Saat Boediono menjabat direksi BI, kata Adhie, terjadi kebakaran di Gedung BI pada 8 Desember 1997, setelah sebelumnya ada kebakaran di gedung Badan Perenancanaan Pembangunan Nasional (Bappenas). Dan di gedung BI tersebut ada dokumen-dokumen yang terbakar.
"Dibakarnya gedung BI lantai 23 dan 24 harus kembali diusut karena ada korban tewas 15 orang. Kala diungkap kembli, Boediono diprediksi akan lebih mudah diusut karena kriminal murni.
"Memang harus masuk lewat jalur kriminal, siapa yang bakar gedung BI. Dan yang bertanggungjawab saat itu Boediono," demikian Adhie.

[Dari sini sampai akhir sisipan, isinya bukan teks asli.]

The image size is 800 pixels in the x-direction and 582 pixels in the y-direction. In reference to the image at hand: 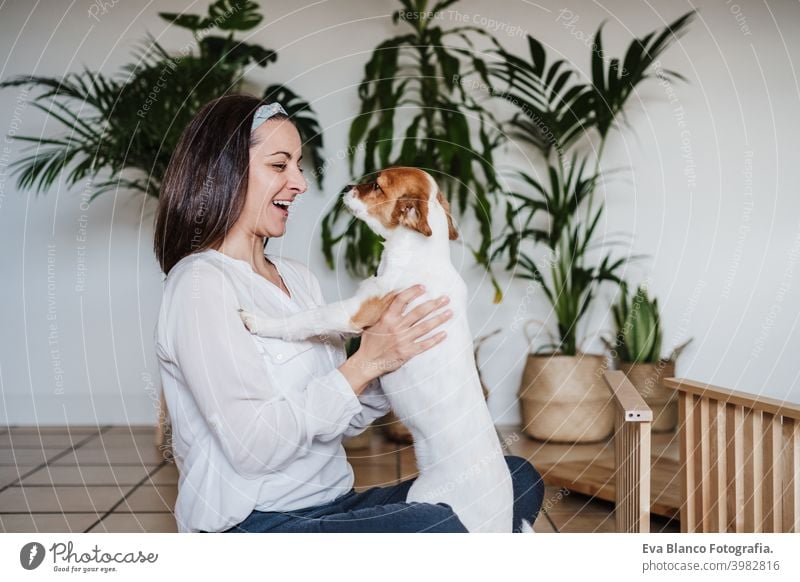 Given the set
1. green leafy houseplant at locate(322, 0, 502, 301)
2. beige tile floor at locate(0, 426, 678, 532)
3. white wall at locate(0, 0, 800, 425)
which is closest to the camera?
beige tile floor at locate(0, 426, 678, 532)

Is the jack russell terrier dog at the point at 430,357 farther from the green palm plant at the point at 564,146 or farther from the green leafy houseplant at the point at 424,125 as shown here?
the green palm plant at the point at 564,146

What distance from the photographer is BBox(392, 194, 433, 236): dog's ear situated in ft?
5.07

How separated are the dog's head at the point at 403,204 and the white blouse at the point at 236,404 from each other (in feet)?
0.85

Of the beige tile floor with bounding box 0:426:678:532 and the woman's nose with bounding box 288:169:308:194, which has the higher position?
the woman's nose with bounding box 288:169:308:194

Secara khusus, keterlibatan Bodiono di balik pengucuran danatalangan Bantuan Likuiditas Bank Indonesia (BLBI) terungkap dalam Putusan Kasasi MA No. 981/K/PID/2004.
Dalam putusan itu disebutkan bahwa pada tanggal 21 Agustus 1997 bersama Paul Soetopo, Boediono yang kini adalah Wakil Presiden RI menyetujui dan memberikan fasilitas saldo debet kepada tiga bank, yakni Bank Harapan Sentosa, Bank Nusa Internasional dan Bank Nasional.
Dalam putusan itu juga disebutkan bahwa Paul Soetopo telah dipidana penjara selama 1 tahun 6 bulan dan didenda sebesar Rp 20 juta atas perbuatannya itu. Sementara Boediono yang menjadi koleganya, hingga kini masih bisa melenggang bebas, bahkan menjadi orang terkuat kedua di Indonesia.
BLBI merupakan skema pinjaman yang dikucurkan BI untuk sejumlah bank yang sedang mengalami persoalan likuiditas ketika Indonesia diterjang krisis moneter yang berkembang menjadi krisis ekonomi di tahun 1998. Skema bantuan ini didasarkan pada perjanjian antara Indonesia dan International Monetary Fund (IMF).
Setidaknya, sampai 1998 BI telah menyalurkan dana segar sebesar Rp 147,7 triliun dana BLBI kepada 48 bank. Belakangan audit yang dilakukan BPK menemukan potensi penyimpangan sebesar Rp 138 triliun.
BHS, salah satu dari tiga bank yang diselamatkan Boediono dan Paul Sutopo adalah milik Hendra Raharja alias Tan Tjoe Hing. Sejak awal, modus operandi bank ini sudah mengkhawatirkan. BHS membangun cabang di banyak tempat dengan menggunakan model franchise. Hal ini sebenarnya tidak diperolehkan dan melanggar hukum. Namun BI menutup mata, bahkan tetap mengucurkan bantuan sekitar Rp 2 triliun untuk BHS.
Setelah BI mengucurkan danatalangan, Hendra Rahardja membobol BHS dan melarikan diri ke Australia. Dalam pengadilan in absentia di bulan Maret 2002 Pengadilan Negeri Jakarta Pusat menjatuhkan hukuman penjara seumur hidup untuk Hendra Rahardja. Dia diwajibkan membayar denda sebesar Rp 30 juta dan mengganti kerugian sebesar Rp 1 triliun.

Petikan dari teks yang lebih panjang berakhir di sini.